Amazon has been granted permission for a data center in Virginia’s Fauquier County.
The Warrenton Town Council this week voted 4-3 to approve Amazon Data Services' request for a special-use permit to build a 220,000 square-foot (20,450 sqm) data center at the intersection of Blackwell Road and Lee Highway in Warrenton.
The company reportedly aims to invest around $550 million in the project.
As is becoming increasingly common, the meeting went on until the early hours of the next day, finishing around 3 am due to the number of residents wishing to voice their opinion on the project.
Oscar-winning actor Robert Duvall was amongst the more than 130 who spoke during the meeting; he and many others were against the development. Residents spoke out against potential impact around noise, property values, traffic, environmental concerns, and whether the project will require new transmission lines installed.
“We are deeply disappointed by the Warrenton Town Council’s decision. Despite every possible effort ... the Town Council still voted 4-3 to approve the special use permit,” opposition group the Piedmont Environmental Council said this week. “What comes next is not entirely clear, but we will continue to evaluate and prepare, along with our partners, Citizens for Fauquier County and Protect Fauquier.”
While Northern Virginia is a major data center hub, Warrenton and Fauquier County are not traditionally where operators look to place facilities. However, AWS has a data center on the DoD’s nearby Warrenton Training Center campus, built in 2016. OVHcloud has a facility in Vint Hill that launched in 2017.

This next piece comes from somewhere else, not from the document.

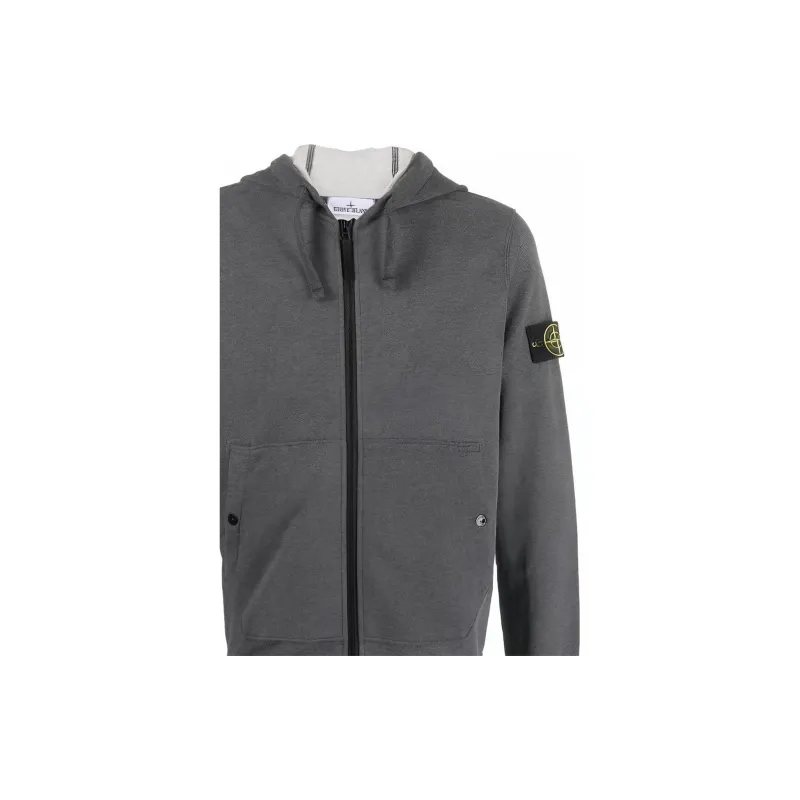 STONE ISLAND Sweatshirt Men's Gray-3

Amazon revealed it wanted to buy the plot and build a data center in Warrenton in June of 2021, but only if the town was able to change zoning laws to allow for such buildings in the area. The company was said to be “very interested" in Warrenton.
AWS subsequently acquired the 41.7-acre plot of land in Fauquier County, for $40 million the following September, after the town did change its zoning laws to allow for data centers at the behest of the cloud giant.
As with a number of data center developments outside Virginia’s traditional data center hub of Loudoun County, some local residents were sharply against the proposals.
Planning Officials last year voted to ‘indefinitely delay’ a public hearing on Amazon’s application after it was judged the company’s application was ‘incomplete’.
After that issue was resolved, the Town Council last month decided to table the vote at the request of the company in order to review new preconditions put forward during the public hearing. At the same meeting, local residents had suggested the site instead be rezoned to residential to allow for a multi-family, mixed-use residential development.
There is also a lawsuit claiming town officials illegally suppressed or redacted information requested by the organization through the Freedom of Information Act (FOIA) regarding the Amazon data center proposal. During this week's meeting, a motion was passed to distribute the FOIA documents in question.
Another ‘Texas-based data center developer’ has reportedly signed agreements with landowners in the Fauquier County towns of Vint Hill and Catlett to develop campuses there.
At least two other Warrenton sites are being marketed as potential locations for data center developments in the town that could accommodate more than 1.3 million sq ft (120,000 sqm) of development across almost 60 acres.